Originally Posted by Leopardi
JOLED is still on track for their monitor sized high refresh rate e-sports release in 2020?
Searching and all I find is 2020 start of production expected at 220k units/month, starting at half that. (which isn't that different to 4x larger TVs being made at 60-70k units/month)
Although OLED panels have been produced through film-film printing technology, the output is very low). Starting in 2020 or 2021, Chinese OLED manufacturers will catch up with JOLED and invest heavily in mass production.
Inkjet printing has the potential to reduce the production cost of OLED panels and is primarily suitable for the production of large and medium-sized panels. IHS expects a 65-inch 4K OLED TV to cost approximately $585 (LGD’s 10G production line of OLEDs); but if an inkjet printing process is used, the overall cost will drop to $441 (cost reduction is near 25%).
Which from the previous linked news was same reason Samsung, LG, etc. were abandoning LCD and focusing on their premium "QLED" (still a bloody LCD Samsung!) and OLED. Because Chinese factories are price competitive and fill in the market fast for a lot of the non premium products, making it difficult to profit as much as they are used to. Hence they want to focus on largest panels for most premium market segment that is increasing in sale volumes = more sales of most expensive TVs = more profit ==> make moar largest exclusive panels and don't bother with expanding to a dead market of medium sized monitor panels. No doubt the Samsung and LG panels for TVs are pretty outstanding, yet they use what looks like 10 year old tech in comparison for making their monitor panels.
BOE (Chinese LCD and OLED maker) is already showcasing OLEDs for signage and catching up to Samsung and LG's OLEDs as fast as they can.
The key to Sharp’s decline is the 8K ecosystem business. Its operating profit dropped by 54%. The company could not recover because its LCD TV panel also recorded a decline. In the field of large-size LCD panels, Sharp is experiencing fierce price competition from Chinese companies. However, analysts believe that Sharp will have an edge over these companies in the coming quarters. Previous reports said that Sharp will reduce production by 20-30% in Q3 2019.
In the small and medium-sized panels, especially OLED panel, Sharp’s competitiveness is declining. The company’s OLED global panel market share is only 0.1%. At present, Samsung still ranks first with 85.7% share, but Samsung’s share is also rapidly declining. This is due to fierce competition from several companies in mainland China such as BOE. BOE’s mobile OLED panel market share increased from 5.5% to 5.9%. It is the world’s second-largest supplier of OLED mobile phone panels and it is still growing rapidly.

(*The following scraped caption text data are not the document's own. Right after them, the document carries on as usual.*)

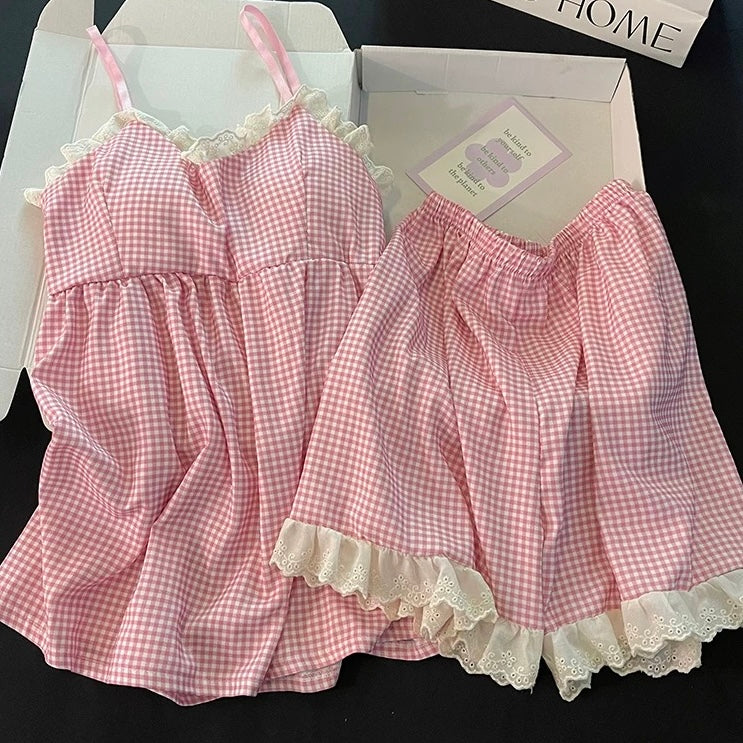 Cottage Gingham Frill Padded Nightsuit Set
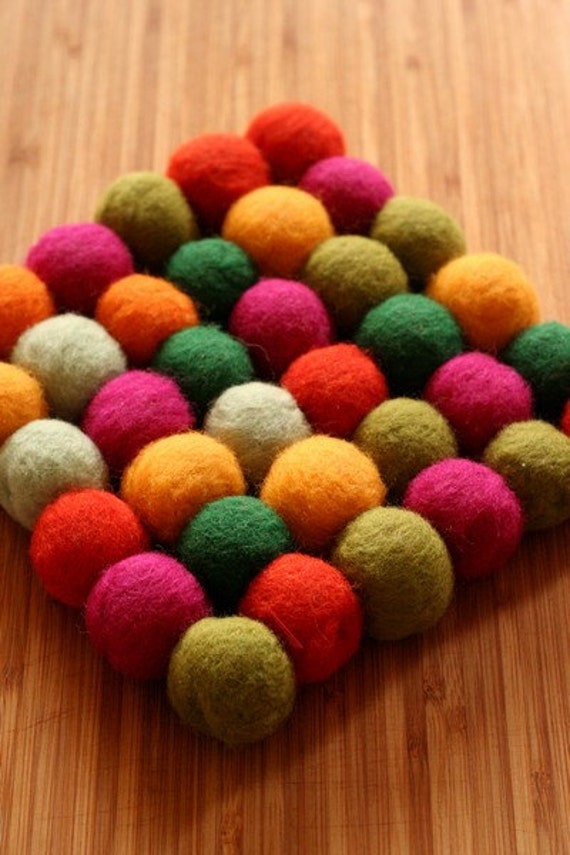 Felted Wool Trivet Hot Plate Kitchenware by sqrlbee on Etsy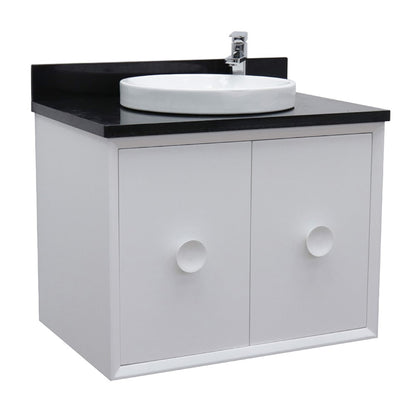 31" Single wall mount vanity in White finish with Black Galaxy top and round sink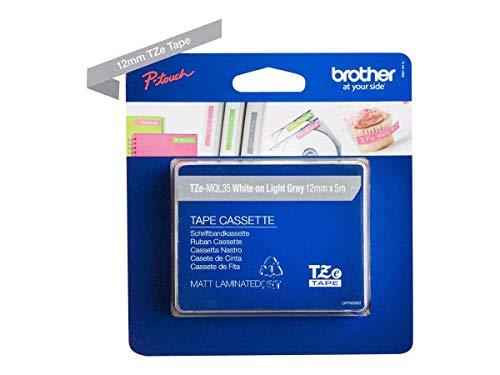 Brother Original P-touch Schriftband 12 mm, weiß auf matt-hellgrau (kompatibel u.a. mit Brother P-touch PT-H100LB/R, -H105, -E100/VP, -D200/BW/VP, -D210/VP) TZEMQL35 von Brother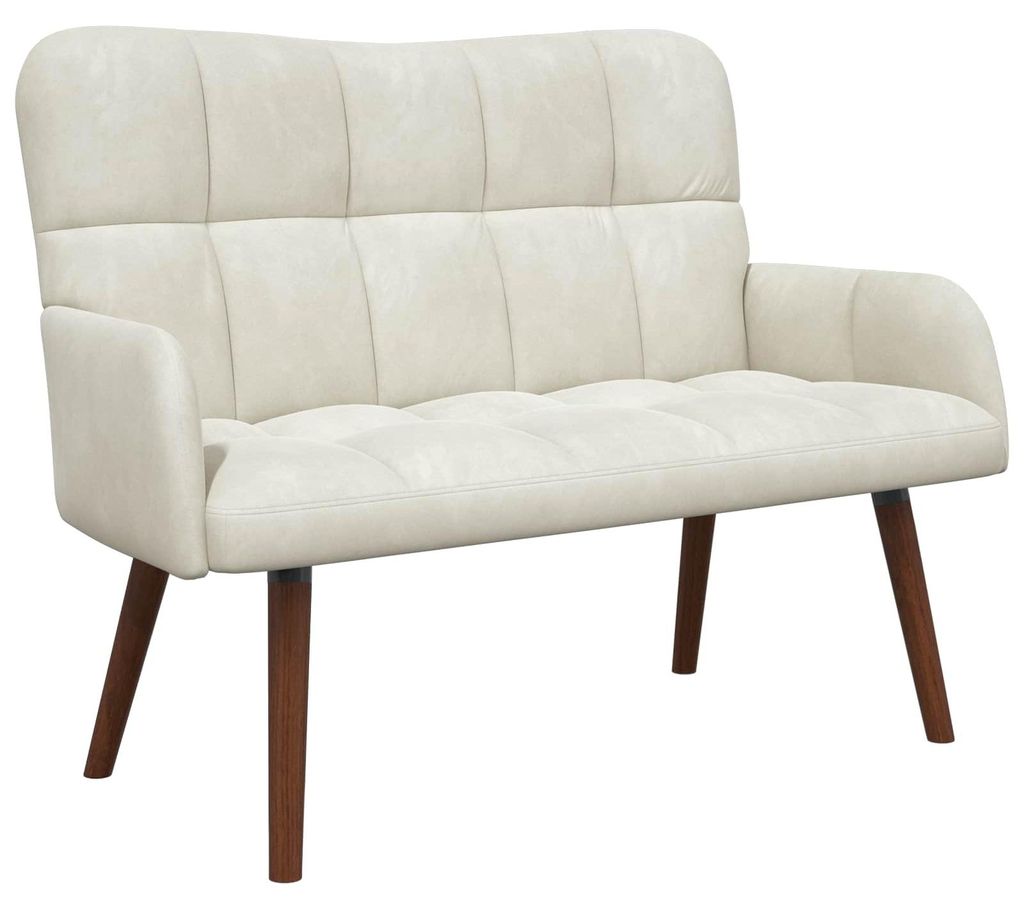 vidaXL Canapé 2 places Crème 115 x 61 x 87 cm Velours (V) Image du produit 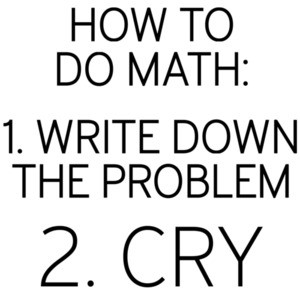 How to do math: 1. write down the problem 2. cry - math t-shirt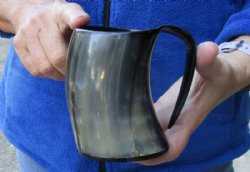 Polished Buffalo horn mug, Cow horn mug measuring approximately 4 inches tall for $19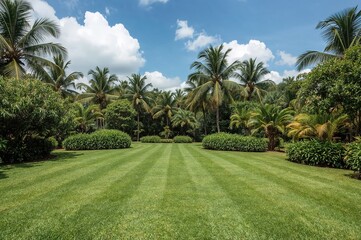 Obraz premium Wide view of lush greenery and tropical plants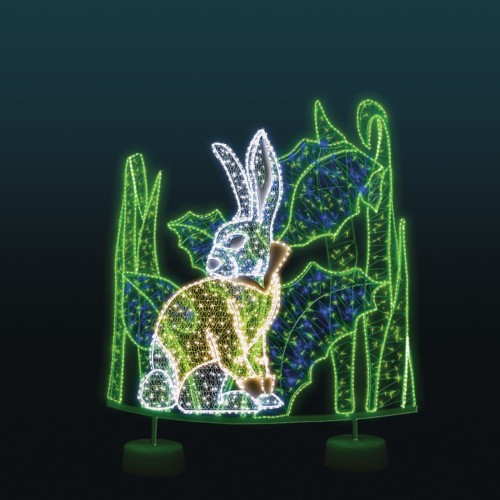 Dekoracja świetlna LED z zającem na ciemnym tle, nowoczesny fotopunkt z podświetlanymi elementami natury i liniowym oświetleniem, przeznaczony do parków, przestrzeni miejskich i instalacji plenerowych.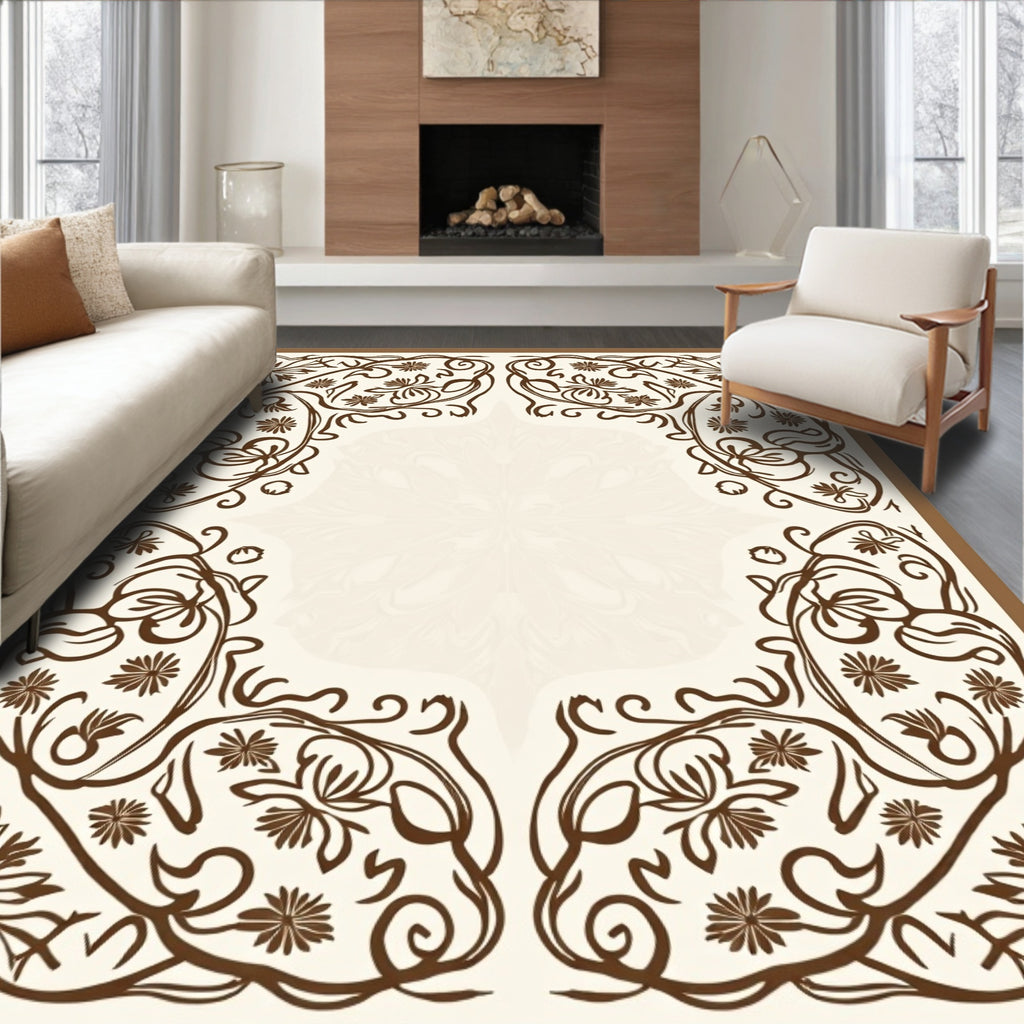 Floral Swirls Brown Cream Ornament Rug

In addition to BOE, Chinese companies such as Tianma Microelectronics, Visionox, and Huiguang are also vigorously building OLED production lines. In a year or two, these companies will go into mass production. This will further increase competition in the OLED market. Sharp is finding it difficult to keep up with the pace of Chinese and Korean companies in this field. According to Korean media, Businesskorea, Sharp will withdraw from the smartphone OLED panel market.
I think Sharp's had it, it's been a long time since their panel was in any known monitor. They probably sell to TVs, pro use, mobile etc. and have those 8k insanities no one buys to make products from be it TVs or monitors. King of LCD is dying.
(Apr. 2019 Started construction of post-process mass production line in Chiba):
Nomi pre process
Chiba post process
That's 355 km direct by air and on ground it's east to west across whole Japan about 500+ km on road. 7+ hours by trains. That's sure gonna cut into their pricing.
Originally Posted by dmr2
Yes I love to keep my monitors on low brightness also, HP was on 18 and aoc is on 35, that is about 100cd/m2. And Hp on low brightnes has real white and AOC powdery dull dirty white. There is no calibration that would change that. Maybe it is because matte coating, don't know.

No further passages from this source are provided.